The Daily Beast reported that the documentary "is a primer on the rise and fall of Hwang, a former superstar who currently plies his genetics trade in the United Arab Emirates, cloning camels for the rich and powerful, who covet them for both their attractiveness and their racing prowess." It also concluded that "King of Clones resounds as a plea for more rigorous cloning-research standards, especially considering that the Chinese have cloned two monkeys—meaning that, in effect, primates (including humans) are now duplicatable... Still, a more comprehensive examination would have benefited Thayi’s film, which generally serves as a surface-level portrait about a scientific advancement that could change the world for the better or the worse, and a man who knows how to wield it but can’t necessarily be trusted to do so."

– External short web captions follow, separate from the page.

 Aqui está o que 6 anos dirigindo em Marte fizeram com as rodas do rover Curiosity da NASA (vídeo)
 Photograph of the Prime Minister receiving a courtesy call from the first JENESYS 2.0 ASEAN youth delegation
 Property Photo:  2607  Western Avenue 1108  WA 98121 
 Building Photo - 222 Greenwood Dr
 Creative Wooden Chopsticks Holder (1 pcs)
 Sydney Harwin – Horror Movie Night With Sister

According to Hwang “Grief is the catalyst. It’s where our cloning process really begins.” King of Clones reinforces that notion by profiling interventional radiologist Dr. Alexander Ruebben, who was so distraught over the passing of his French bulldog Csillo that—like Barbra Streisand—he opted to have the pet cloned. Ruebben talks lovingly about his pooch and shakes off criticisms of his conduct in a manner similar to Hwang, who states, “You can’t ignore a path just because it’s reckless.”

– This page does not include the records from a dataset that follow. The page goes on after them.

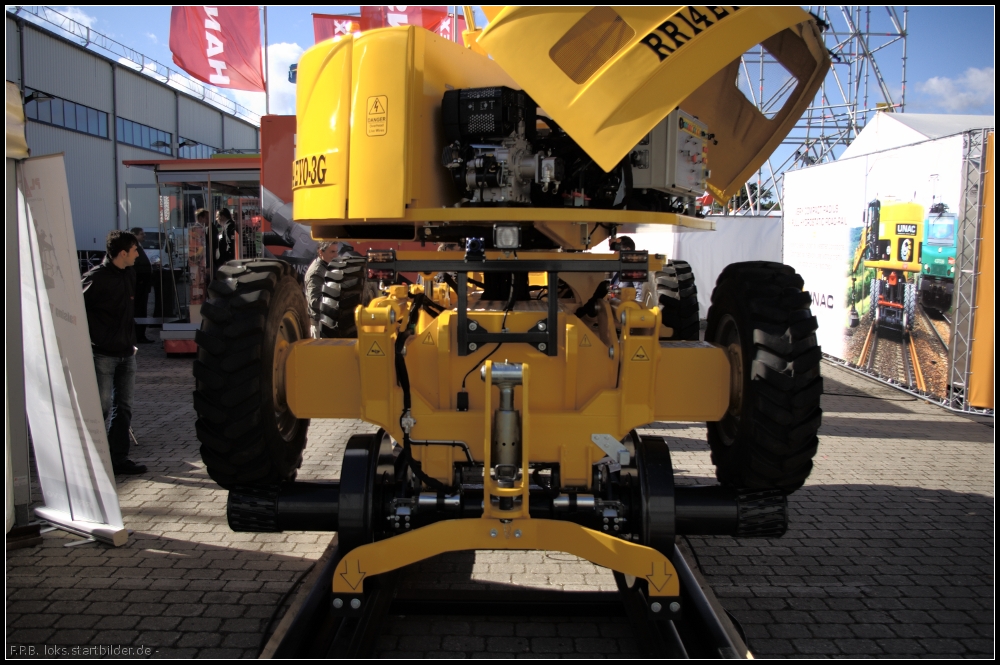 Steuereinheit und Blick auf die Achse der Zweiwege-Hebeb�hne RR14EY0-3G auf der InnoTrans 2012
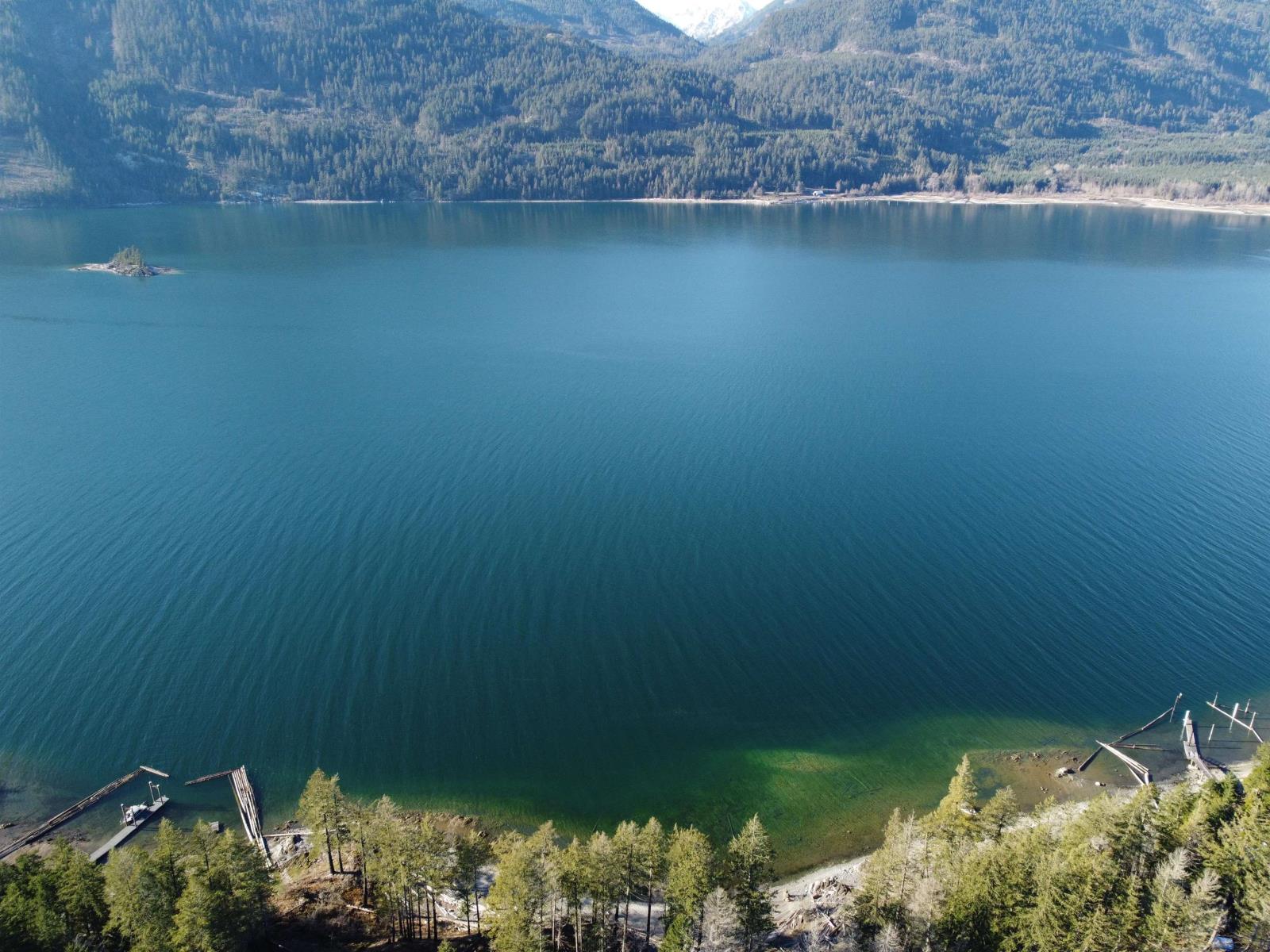 DL 2770 LONG ISLAND, Harrison Lake, Harrison Hot Springs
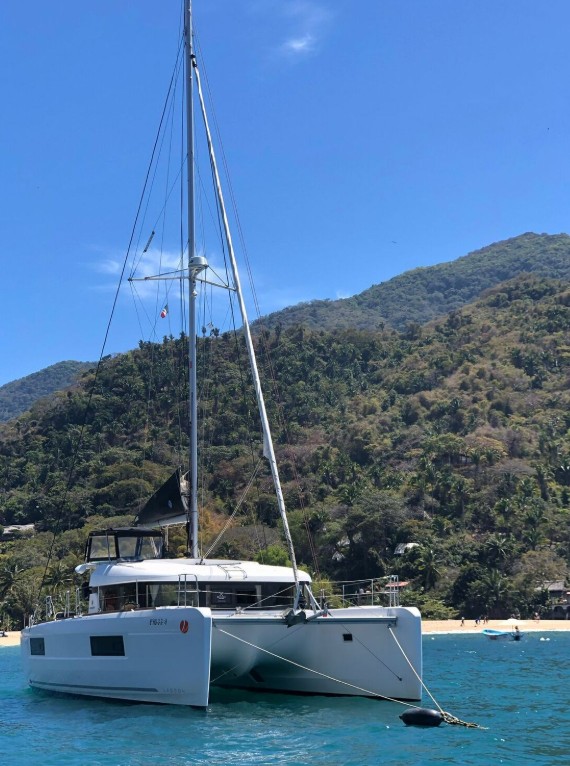 Oceanis 55 exterior sailing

Nicole Ackman of Readysteadycut.com explains that the film explores Hwang's scientific discoveries, falls from favor, and actions after the scandal, but it also explains what cloning is "complete with simple animations that can help even the least STEM-oriented person understand the basic science behind it." The review says that "Thayi shows several examples of cloning to demonstrate all of the possible uses that Hwang was working towards. From recreating a beloved pet to bringing back an extinct animal, the possibilities are seemingly endless. Some personal stories of those wanting something or someone cloned are pretty touching," but concludes that "While King of Clones does a great job condensing very complicated information into a succinct documentary, I wish it took more of a stance on the complex moral issues it brings to light."

Rolling Stone called the film "a cautionary tale of a Korean genetic researcher whose revolutionary findings proved too good to be true, and said that Thayi "uses methods both playful... and serious, sometimes melding these approaches into something ultimately quite human."